Obviously using “Hope & Change” 16 trillion dollars, 8.1 % unemployment, and double the number of people on food stamps later wasn’t going to fly, so the most “historical” president since, well, EVER, had to come up with a new slogan. The result of undoubtedly dozens of think-tank members in closed-door meetings pooling their intelligence to come up with a slogan that is nothing short of epic?

“Forward.”

At first glance this honestly seems a little lackluster. “Lame,” if you will.  I mean, for one so self-absorbed you’d think this president and his posse could come up with a little better than that, now wouldn’t you?

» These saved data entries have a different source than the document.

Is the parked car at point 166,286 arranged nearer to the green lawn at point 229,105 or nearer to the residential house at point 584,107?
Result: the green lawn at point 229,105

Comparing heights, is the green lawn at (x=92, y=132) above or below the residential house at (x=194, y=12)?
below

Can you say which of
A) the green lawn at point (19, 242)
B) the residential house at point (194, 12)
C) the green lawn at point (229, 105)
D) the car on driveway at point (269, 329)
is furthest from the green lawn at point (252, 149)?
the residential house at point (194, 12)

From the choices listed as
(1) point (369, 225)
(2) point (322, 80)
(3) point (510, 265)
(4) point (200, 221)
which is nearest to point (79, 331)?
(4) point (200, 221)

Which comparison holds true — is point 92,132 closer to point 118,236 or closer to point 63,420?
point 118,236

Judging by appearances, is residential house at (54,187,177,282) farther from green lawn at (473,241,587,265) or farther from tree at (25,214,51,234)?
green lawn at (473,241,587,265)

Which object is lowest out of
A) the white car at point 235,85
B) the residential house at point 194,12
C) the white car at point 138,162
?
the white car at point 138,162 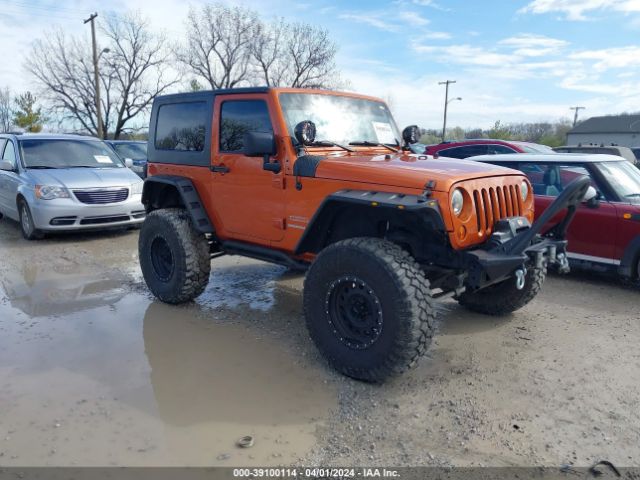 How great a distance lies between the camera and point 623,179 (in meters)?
5.93

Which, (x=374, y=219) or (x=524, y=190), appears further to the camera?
(x=524, y=190)

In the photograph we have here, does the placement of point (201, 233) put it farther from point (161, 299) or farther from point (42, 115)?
point (42, 115)

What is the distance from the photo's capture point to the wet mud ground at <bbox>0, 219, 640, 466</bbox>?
283cm

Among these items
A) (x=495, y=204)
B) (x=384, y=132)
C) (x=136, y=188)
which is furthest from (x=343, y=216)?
(x=136, y=188)

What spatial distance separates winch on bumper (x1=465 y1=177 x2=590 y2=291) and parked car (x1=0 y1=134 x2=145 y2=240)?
6606 millimetres

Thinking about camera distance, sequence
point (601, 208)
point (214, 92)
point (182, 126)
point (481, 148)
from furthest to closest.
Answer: point (481, 148) → point (601, 208) → point (182, 126) → point (214, 92)

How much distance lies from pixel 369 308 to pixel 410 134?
7.45ft

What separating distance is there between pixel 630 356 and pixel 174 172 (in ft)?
15.2

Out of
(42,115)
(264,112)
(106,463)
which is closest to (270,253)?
(264,112)

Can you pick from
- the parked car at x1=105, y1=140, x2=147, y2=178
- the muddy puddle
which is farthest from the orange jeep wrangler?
the parked car at x1=105, y1=140, x2=147, y2=178

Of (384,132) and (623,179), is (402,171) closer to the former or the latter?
(384,132)

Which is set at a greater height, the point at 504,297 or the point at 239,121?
the point at 239,121

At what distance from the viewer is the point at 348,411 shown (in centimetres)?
324

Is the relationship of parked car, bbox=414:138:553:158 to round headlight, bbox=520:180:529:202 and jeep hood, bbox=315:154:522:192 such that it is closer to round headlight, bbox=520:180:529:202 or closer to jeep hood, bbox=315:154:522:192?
round headlight, bbox=520:180:529:202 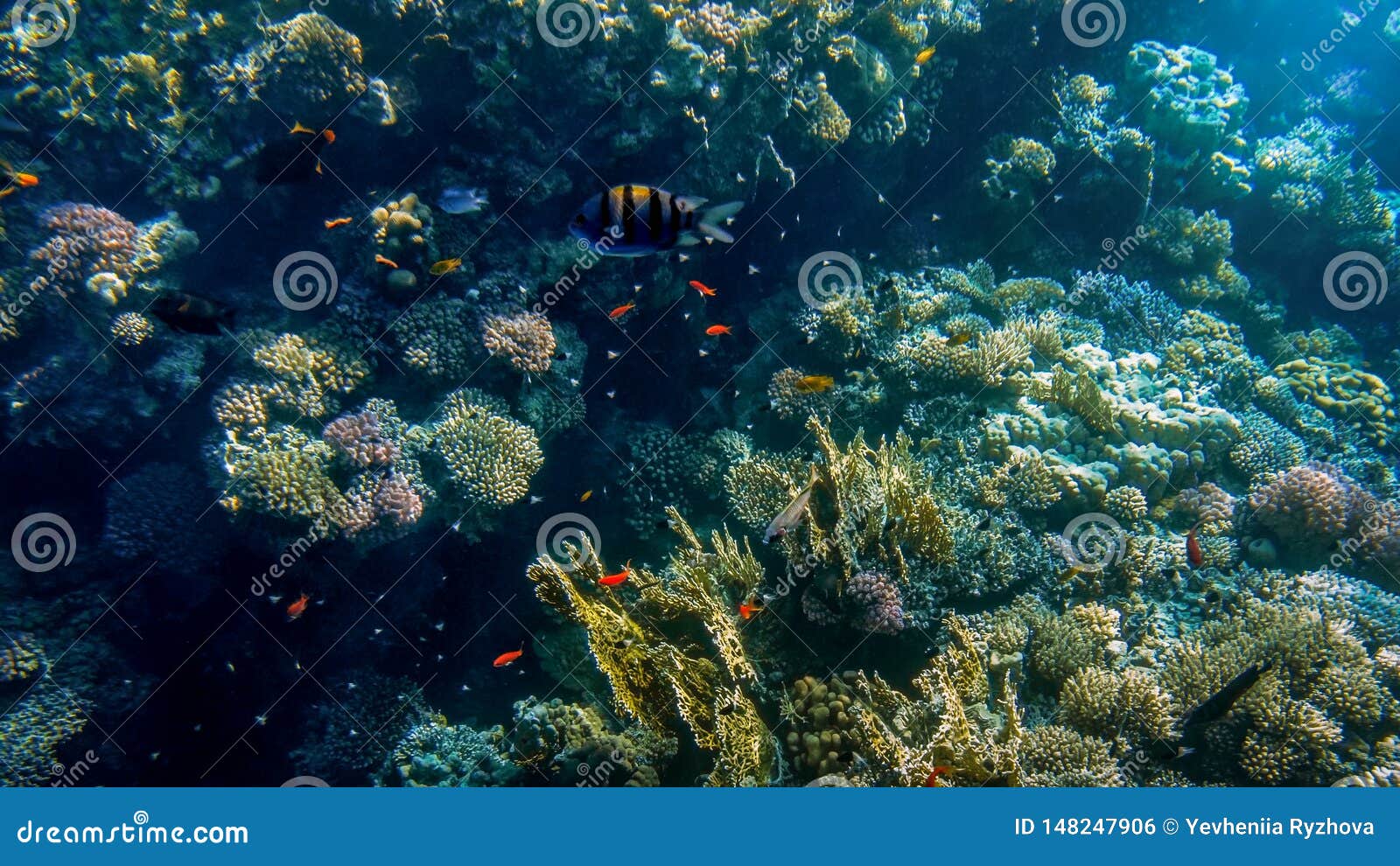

As always with this presidency, never underestimate. In this case, what on the surface appears to be a rather lazily created, haphazard and frankly boring campaign slogan is historically just a smidge more than that. Ok, a LOT more. A few tasty morsels (the research and compilation of which I sadly cannot take credit):

Translation: “Forward to the victory of Communism!”

Translation: “Under Lenin’s Banner- Forward to Victory!”

 

 

 

 

 

 

 

 

 

 

 

 

 

 

 

 

Translation: “FORWARD!”

Translation: “FORWARD!”

Gosh, that MUST be a coincidence. After all, it’s only been used OVER and OVER again throughout the history of communist and socialist regimes in efforts to insert a certain “positivity” into the propaganda of the movements.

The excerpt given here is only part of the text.